═════ DATASET RECORDS ═════

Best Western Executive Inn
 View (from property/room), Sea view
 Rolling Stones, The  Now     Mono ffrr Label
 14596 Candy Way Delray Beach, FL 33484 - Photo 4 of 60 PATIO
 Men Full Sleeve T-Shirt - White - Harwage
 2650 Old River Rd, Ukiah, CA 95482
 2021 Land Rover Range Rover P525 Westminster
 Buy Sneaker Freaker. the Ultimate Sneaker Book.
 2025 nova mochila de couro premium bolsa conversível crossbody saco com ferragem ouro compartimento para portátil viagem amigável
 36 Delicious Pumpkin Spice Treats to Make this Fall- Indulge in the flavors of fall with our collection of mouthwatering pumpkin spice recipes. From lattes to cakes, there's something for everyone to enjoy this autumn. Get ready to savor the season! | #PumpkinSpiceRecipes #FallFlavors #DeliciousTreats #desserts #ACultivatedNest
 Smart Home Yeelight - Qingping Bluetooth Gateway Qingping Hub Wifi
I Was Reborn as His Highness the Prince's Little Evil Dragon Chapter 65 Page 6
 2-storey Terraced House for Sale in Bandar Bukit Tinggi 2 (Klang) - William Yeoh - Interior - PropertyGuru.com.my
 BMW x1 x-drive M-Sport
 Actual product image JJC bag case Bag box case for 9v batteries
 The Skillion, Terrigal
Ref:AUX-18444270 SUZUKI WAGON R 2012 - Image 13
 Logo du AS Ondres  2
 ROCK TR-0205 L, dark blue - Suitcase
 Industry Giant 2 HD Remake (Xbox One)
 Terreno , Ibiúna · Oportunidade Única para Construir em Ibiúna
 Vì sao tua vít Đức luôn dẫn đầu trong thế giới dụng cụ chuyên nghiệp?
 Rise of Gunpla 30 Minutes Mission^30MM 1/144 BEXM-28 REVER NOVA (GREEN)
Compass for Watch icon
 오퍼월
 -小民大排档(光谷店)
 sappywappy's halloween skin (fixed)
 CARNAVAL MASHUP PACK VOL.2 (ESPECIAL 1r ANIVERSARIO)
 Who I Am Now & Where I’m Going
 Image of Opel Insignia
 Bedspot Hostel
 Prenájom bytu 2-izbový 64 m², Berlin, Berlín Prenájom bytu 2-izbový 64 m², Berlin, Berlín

═════

▶ WHAT THIS TASK INVOLVES: Copy the data exactly. Leave nothing out.

▶ OUTPUT OF THE TASK:
Best Western Executive Inn
 View (from property/room), Sea view
 Rolling Stones, The  Now     Mono ffrr Label
 14596 Candy Way Delray Beach, FL 33484 - Photo 4 of 60 PATIO
 Men Full Sleeve T-Shirt - White - Harwage
 2650 Old River Rd, Ukiah, CA 95482
 2021 Land Rover Range Rover P525 Westminster
 Buy Sneaker Freaker. the Ultimate Sneaker Book.
 2025 nova mochila de couro premium bolsa conversível crossbody saco com ferragem ouro compartimento para portátil viagem amigável
 36 Delicious Pumpkin Spice Treats to Make this Fall- Indulge in the flavors of fall with our collection of mouthwatering pumpkin spice recipes. From lattes to cakes, there's something for everyone to enjoy this autumn. Get ready to savor the season! | #PumpkinSpiceRecipes #FallFlavors #DeliciousTreats #desserts #ACultivatedNest
 Smart Home Yeelight - Qingping Bluetooth Gateway Qingping Hub Wifi
I Was Reborn as His Highness the Prince's Little Evil Dragon Chapter 65 Page 6
 2-storey Terraced House for Sale in Bandar Bukit Tinggi 2 (Klang) - William Yeoh - Interior - PropertyGuru.com.my
 BMW x1 x-drive M-Sport
 Actual product image JJC bag case Bag box case for 9v batteries
 The Skillion, Terrigal
Ref:AUX-18444270 SUZUKI WAGON R 2012 - Image 13
 Logo du AS Ondres  2
 ROCK TR-0205 L, dark blue - Suitcase
 Industry Giant 2 HD Remake (Xbox One)
 Terreno , Ibiúna · Oportunidade Única para Construir em Ibiúna
 Vì sao tua vít Đức luôn dẫn đầu trong thế giới dụng cụ chuyên nghiệp?
 Rise of Gunpla 30 Minutes Mission^30MM 1/144 BEXM-28 REVER NOVA (GREEN)
Compass for Watch icon
 오퍼월
 -小民大排档(光谷店)
 sappywappy's halloween skin (fixed)
 CARNAVAL MASHUP PACK VOL.2 (ESPECIAL 1r ANIVERSARIO)
 Who I Am Now & Where I’m Going
 Image of Opel Insignia
 Bedspot Hostel
 Prenájom bytu 2-izbový 64 m², Berlin, Berlín Prenájom bytu 2-izbový 64 m², Berlin, Berlín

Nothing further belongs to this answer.